Heartfelt Queen a Triumphant Tale of Resilience and Grit
Growing up in Katwe, a slum located in the Ugandan city of Kampala, things have not been easy for 9-year-old Phiona Mutesi (Madina Nalwanga) and her brothers and sisters. While their mother Nakku Harriet (Lupita Nyong’o) does what she can for her children, the truth is that there just aren’t a lot of options available to her. There is no money for schooling, and what they do make selling plantains or other items out on the streets goes to putting food on their table and making sure there is a roof over their heads. It’s a hard life, but one they are all struggling through together as a family, and while Phiona longs for more she just as readily understands chances of escape for either her or her siblings is alas unlikely.
Or maybe not. Robert Katende (David Oyelowo) has come to Katwe with an idea to help the slum’s children, thinking that by teaching them the game of chess he might be able to show them how to engage their minds and begin to believe they can achieve more from life than they’ve been told is possible. But even he could not have anticipated Phiona’s genius. Turns out, she’s a prodigy, quickly immersing herself inside the game as if the pieces on the board were speaking to her. Robert comes to believe this youngster is destined for great things; now all he has to do is get her to think it, too, while at the same time convincing the child’s fiercely protective mother Nakku that chess will open doors for her daughter like nothing else could have.
Expertly chronicled in 2012 by writer Tim Crothers in an ESPN Magazine article, the true story at the heart of Disney’s Queen of Katwe is an instantly powerful one. Phiona’s story grabs the viewer by the throat, our collective desire as an audience to see this child succeed palpable on an unimaginable scale. But if that all there was, if the movie was only concerned with being a nuts and bolts reenactment of her inspirational story, then one could stick with the article and that likely would end up being enough. Instead, screenwriter William Wheeler (The Hoax) and director Mira Nair (Monsoon Wedding, The Namesake) dig even deeper, and in the process craft an underdog sports story that transcends its genre to become something close to extraordinary.

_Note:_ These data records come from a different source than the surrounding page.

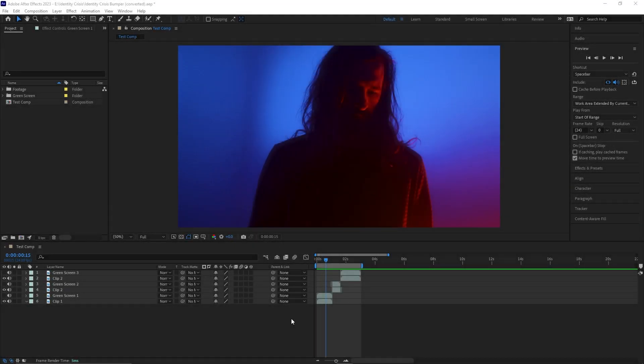Hello again everyone and welcome back to another After Effects tutorial. I know I haven't recorded or posted anything in a very long time, but it's always better late than never. So today I'm going to be showing you how to make this stylistic effect within After Effects.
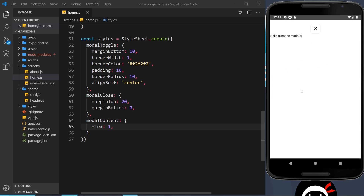Now that we have the modal popping up and closing, the next step is to add a form inside it so a user can add a new review. In the past we've created forms from scratch, but in the next video I'm going to introduce a third-party library called Formik. It helps us easily create forms, manages the state of what a user types into the fields, and also helps with form validation.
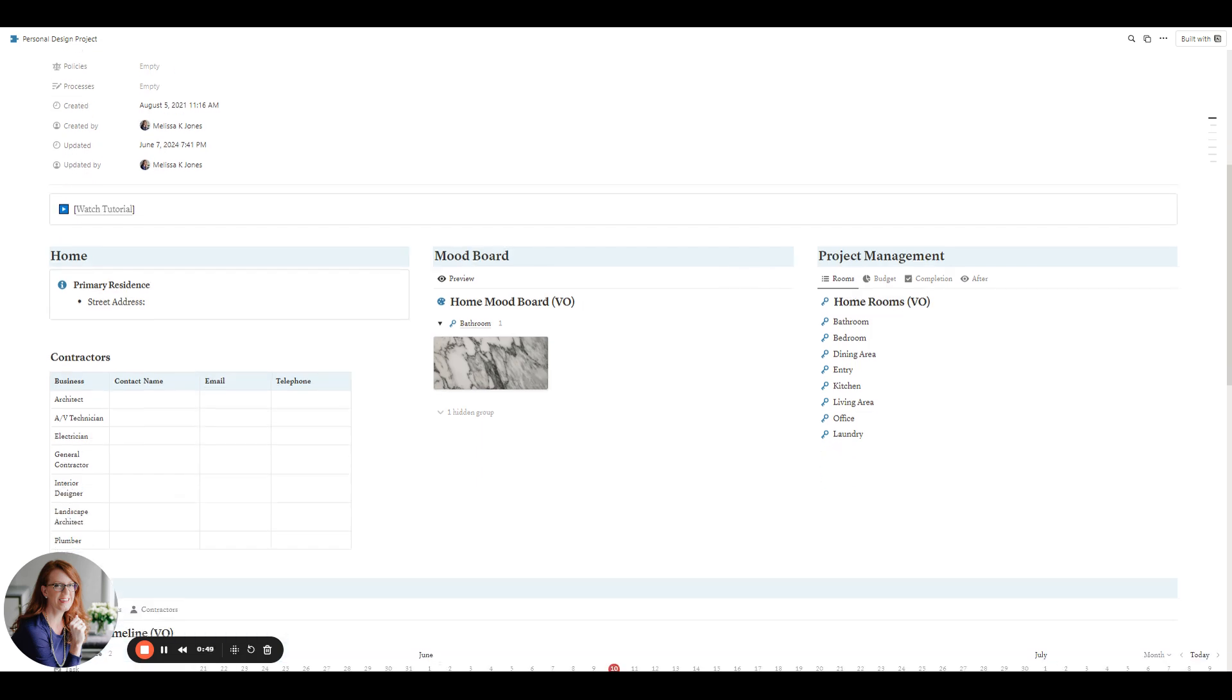The first thing that you can do here on this dashboard for planning your design project is list your street address. This holds all the information together, and just to back up real quickly, this template was designed to support the renovation of your home office or making your home beautiful. So you can use this template as your dashboard for inspiration, staying in budget, and managing tasks.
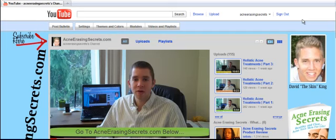Hey guys, this is David the Skin King here from AcneErasingSecrets.com. In this video, I'm just making a quick video to show you my YouTube channel and to show you how you can find videos that I've previously made.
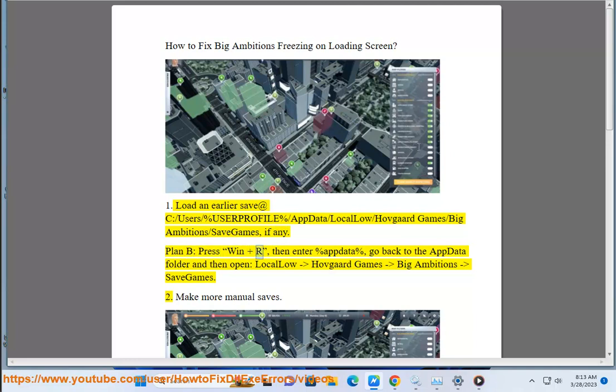Plan B: press Win + R, then enter %AppData%, go back to the AppData folder and then open Local/HovgaGames/BigAmbitions/SaveGames.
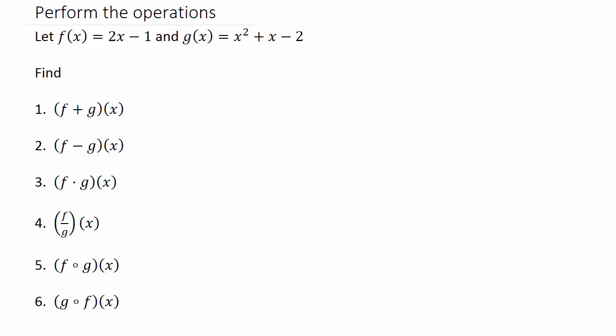We're going to add, subtract, multiply, divide, and we're going to do the composition of the two functions.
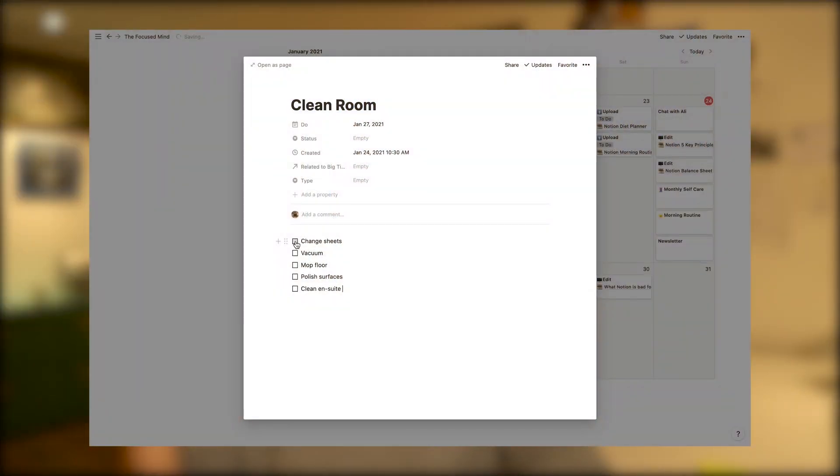Next up we have a biggie — linked databases. Now if you've come to Notion from a tool like Jira or another project management tool, you might be initially put off by the lack of hierarchy in Notion. Let's illustrate this with an example: say you want to create a task which is to clean your room, and then within that have a load of different subtasks — for example, changing your bed, mopping the floor, cleaning the bathroom — all the things that make up the overall task of cleaning your room.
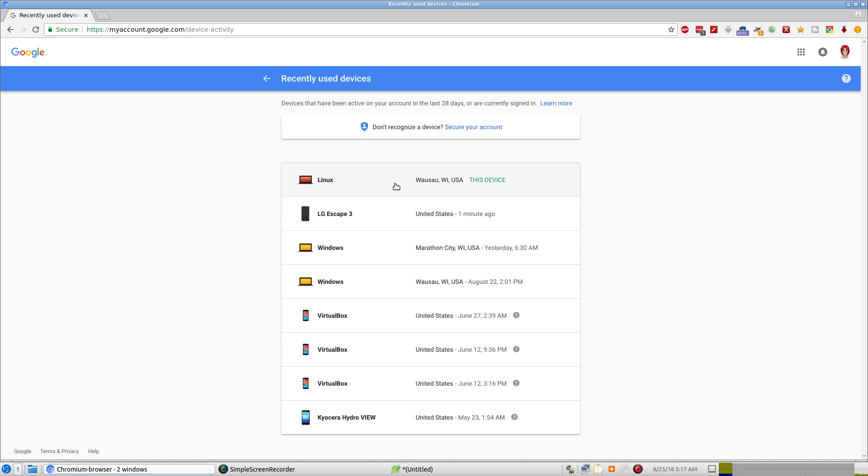So this is the computer I'm on right now. I use Linux as my operating system. This is the phone that I look for. This is the phone I use. This is where I work. So is this one. That one's been a while though because it was a different computer.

It helps that they duo rarely take the easy out. Even for a PG-rated Disney effort, they fearlessly explore Phiona and her family’s situation in Katwe in uncomforting detail, letting the reality sink in as the story progresses. There are hints to what is happening with her older sister Night (Taryn “Kay” Kyaze) that are decidedly adult, while the lengths Nakku goes to in order to see her children fed and remain healthy are never given a short shrift. Wheeler and Nair understand that, if the audience does not fully understand the situation Phiona is in, they will equally not be able to comprehend just how heroic her story turns out to be. While her willpower and intelligence are both impressive they are just as inspiring as the resilience and strength her mother showcases, the combination of these two characters the reason the movie ends up resonating as deeply as it does.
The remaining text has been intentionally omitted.